--- MATERIAL PROVIDED ---
+++
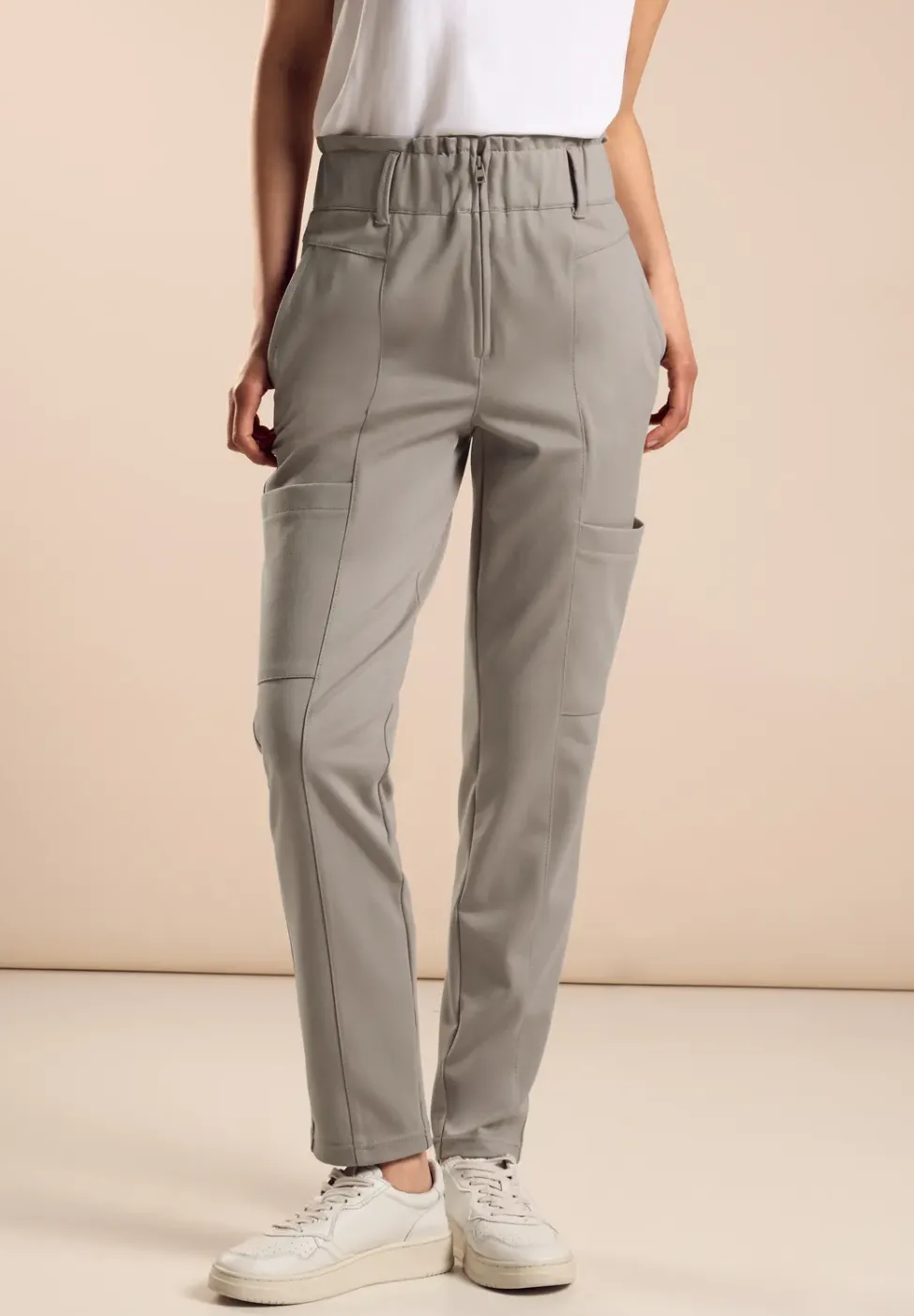 Pantalon paperbag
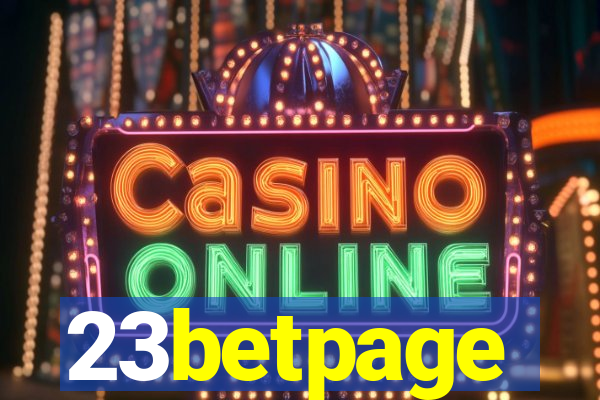 23betpage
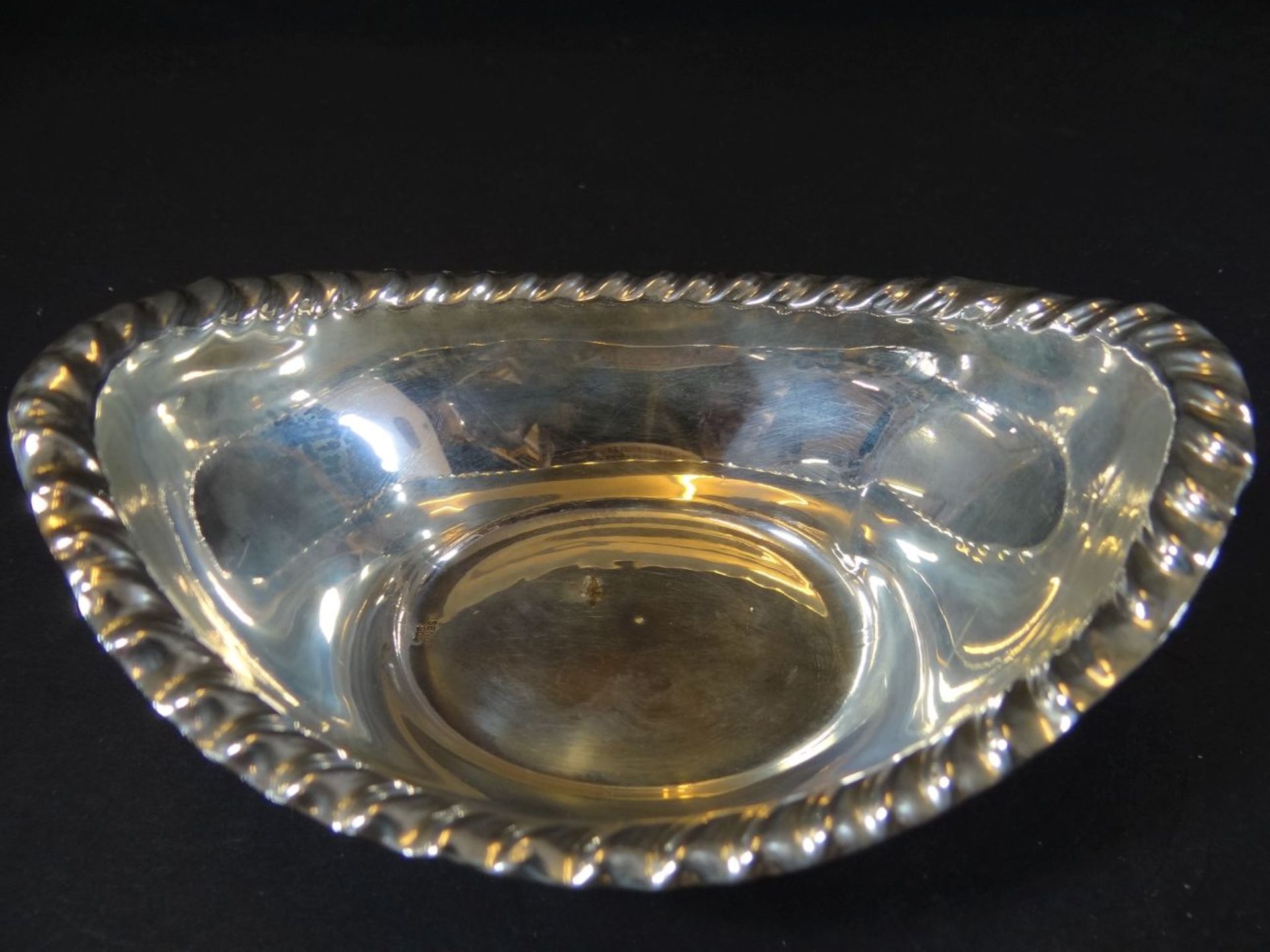 2x kl. ovales Schälchen, Silber-900-, H-5 cm, 13x10 cm, 135 gr. - Image 8 of 8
+++
--- WHAT IS EXPECTED ---
The answer should be the full material above, printed exactly, with no pictures in it.

--- ANSWER FOR THE TASK ---
 Pantalon paperbag
 23betpage
 2x kl. ovales Schälchen, Silber-900-, H-5 cm, 13x10 cm, 135 gr. - Image 8 of 8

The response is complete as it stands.